近代日本最大の軍事クーデター「二・二六事件」。今回、見つかった「極秘文書」によって、青年将校たちの反乱と、その鎮圧にいたる「4日間」の詳細が明らかとなった。首都東京を大混乱に陥れ、国家の運命を分ける転換点となった歴史的事件の全貌に迫る。

奉勅命令で事態は緊迫 追い込まれる決起部隊

事件発生から3日目の2月28日午前5時。天皇が出した、ある命令をめぐり、事態が大きく動く。

決起部隊の行動を「天皇の意思に背いている」と断定し、直ちに元の部隊に戻らせるよう命じる奉勅命令が出されたのだ。事件発生当初は不安を抱く言葉を発していた天皇。奉勅命令によって、自らの意思を強く示した。

天皇が奉勅命令を出し、自分たちを反乱軍と位置づけたことを知った決起部隊は、天皇が自分たちの行動を認めていないこと、そして、陸軍上層部はもはや味方ではないことを確信した。

奉勅命令をきっかけに、事態は一気に緊迫していく。同じ頃、決起部隊と面会を続けていた海軍・軍令部の岡田為次中佐は、交渉が決裂したと報告する。

「交渉の結果は、決起部隊の主旨と合致することを得ず 決起部隊首脳部より『海軍をわれらの敵と見なす』との意見」
「海軍当局としては直ちに芝浦に待機中の約三ヶ大隊を海軍省の警備につかしめたり」

天皇に背いたと見なされ、陸軍上層部からも見放された決起部隊。期待を寄せていた海軍とも交渉が決裂し、絶望的な状況へと追い込まれていく。鎮圧に傾く陸軍と海軍。決起部隊との戦いが現実のものとなろうとしていた。

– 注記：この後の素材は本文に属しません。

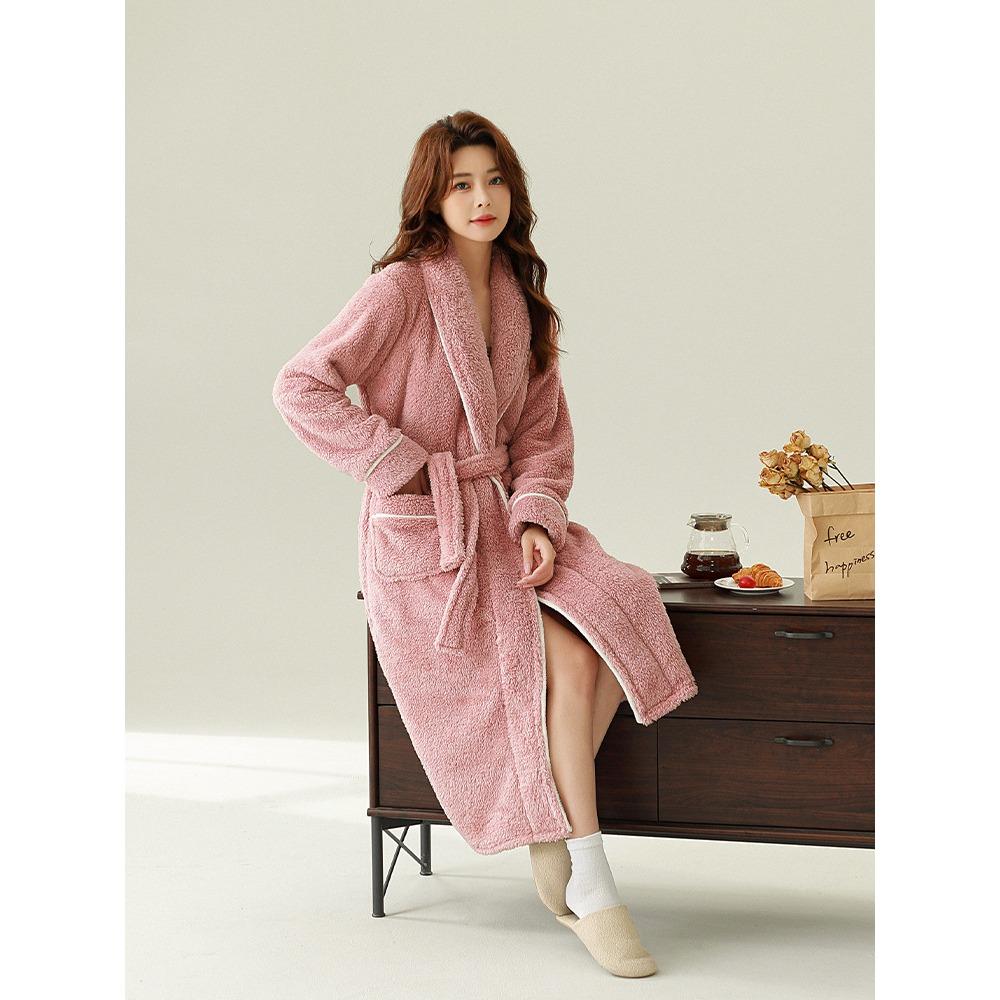 2025 Autumn and Winter Thickened Morning Robe Men's Nightgown Women's Extended Bathrobe Couple Pajamas
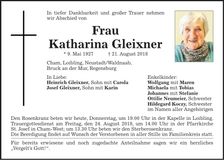 Traueranzeige Katharina Gleixner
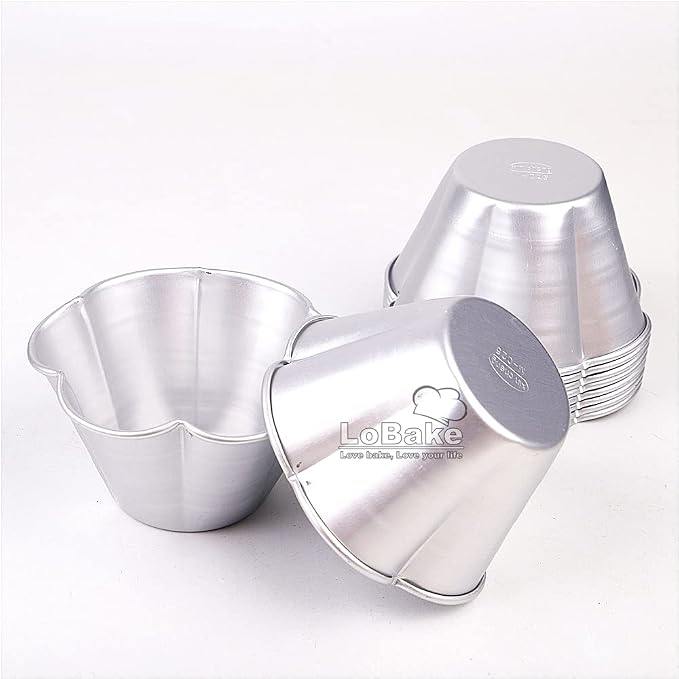 LoBake 10pcs per lot Various Design Fluted Edge Wavy Flower Cup Boat Round Shape Aluminium Tart Mould Jelly Pudding Cup Cupcake Mold Baking (C25)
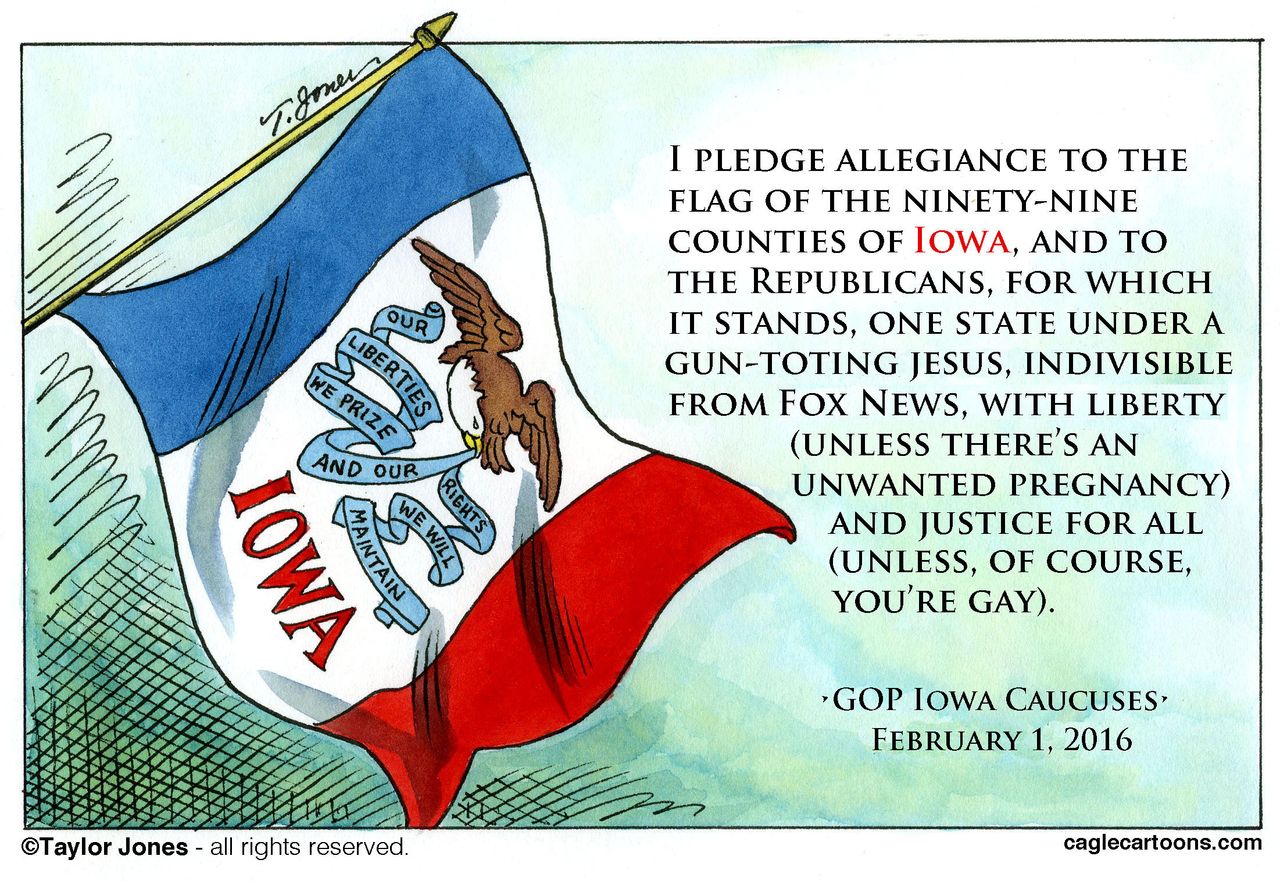 Editorial Cartoon U.S. Iowa Caucus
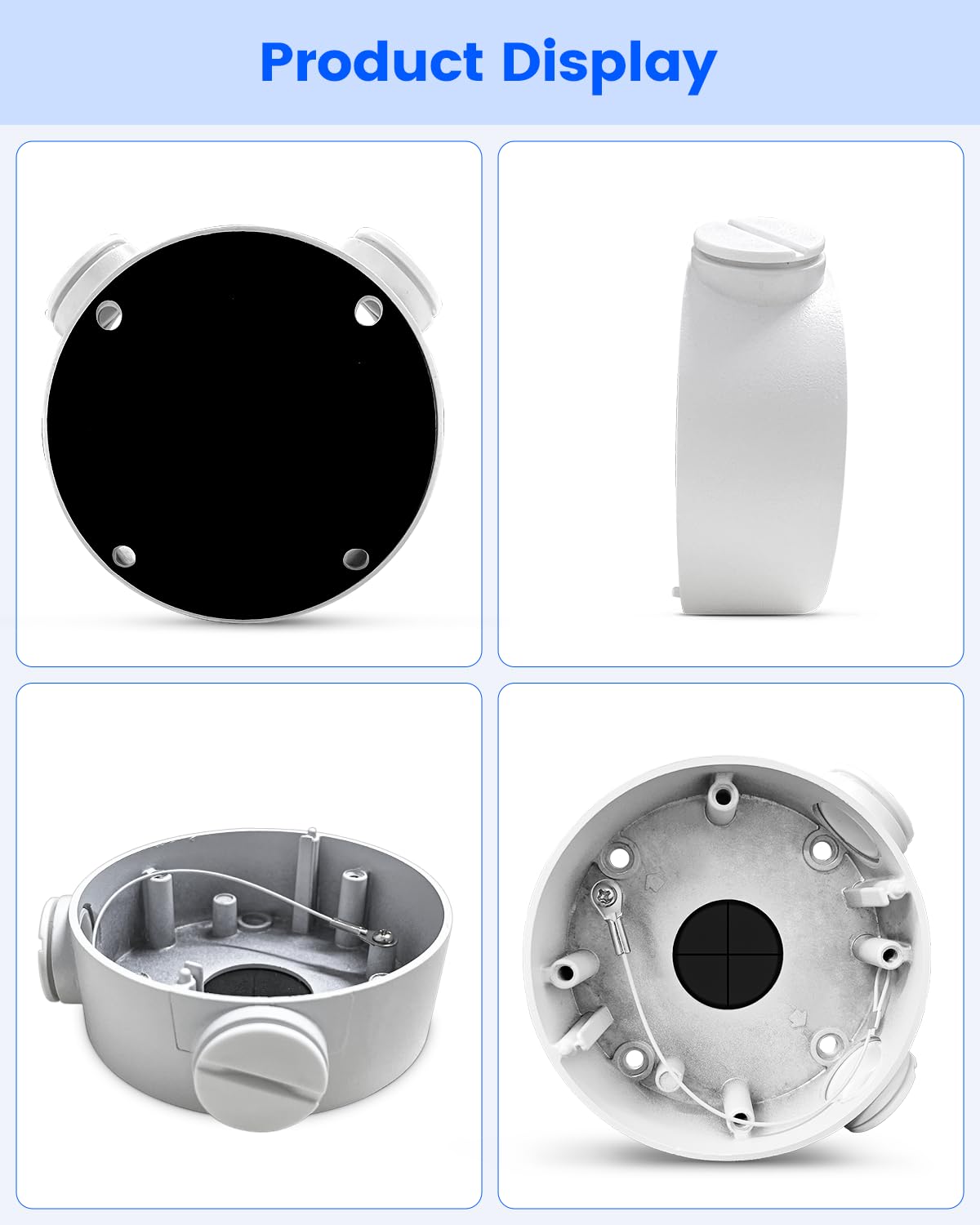 ku-ds-1260zj aluminum security camera junction box for hik, front angle view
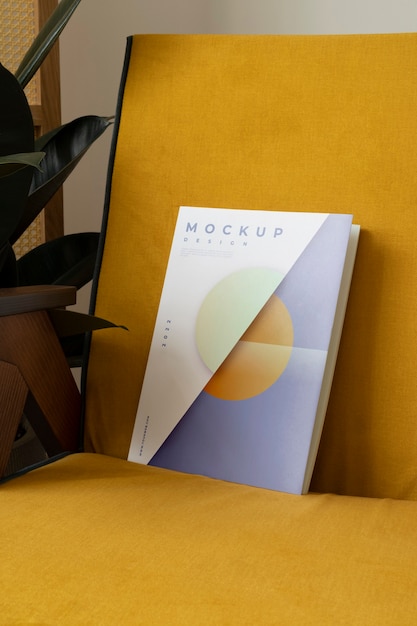 Poster on elegant magazine mock-up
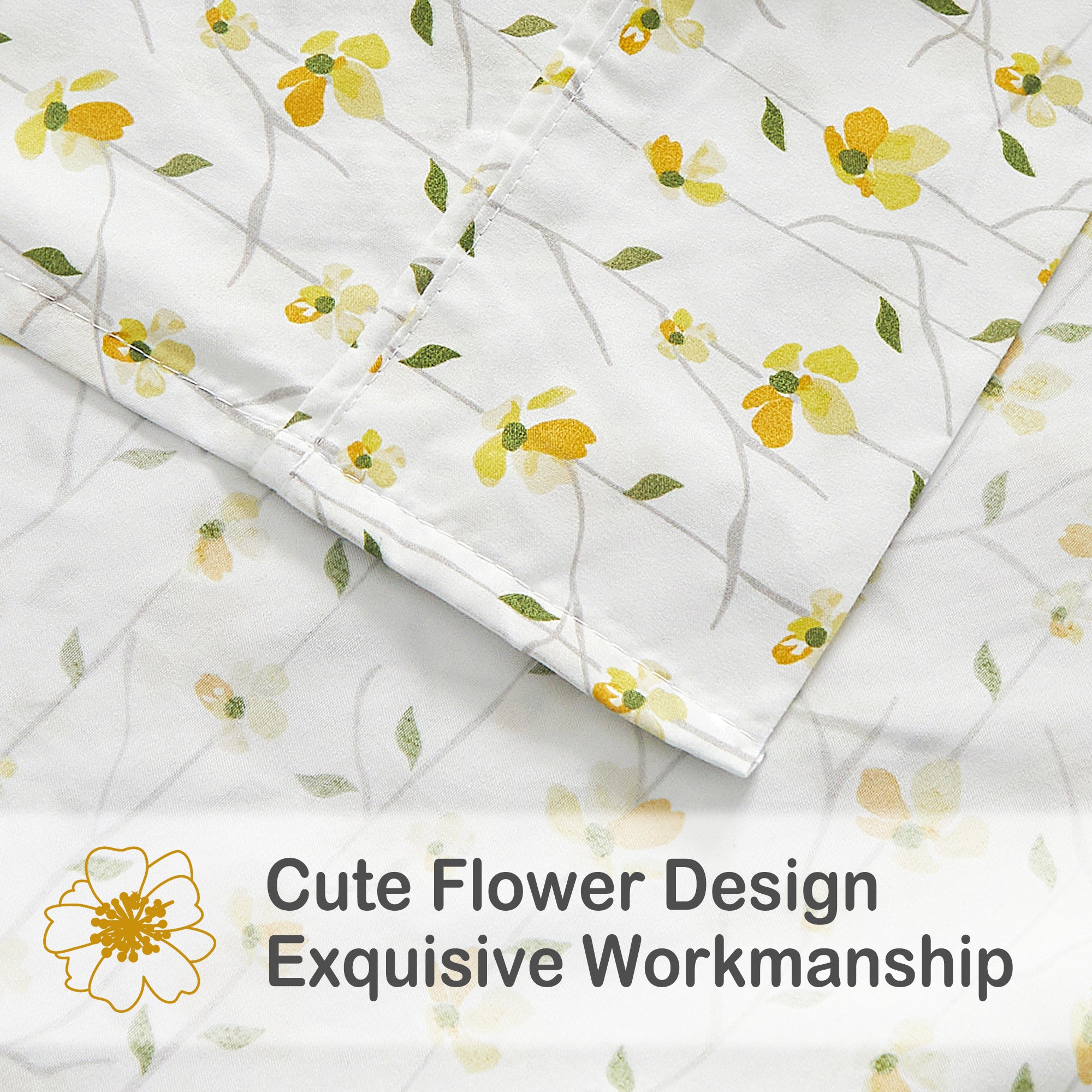 Lively Yellow Blossom Flower Pattern Bed Sheet Set with Non-slip Straps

攻撃準備を進める陸軍に、決起部隊から思いがけない連絡が入る。

「本日午後九時頃 決起部隊の磯部主計より面会したき申込あり」
「近衛四連隊山下大尉 以前より面識あり」

決起部隊の首謀者のひとり、磯部浅一が、陸軍・近衛師団の山下誠一大尉との面会を求めてきたのだ。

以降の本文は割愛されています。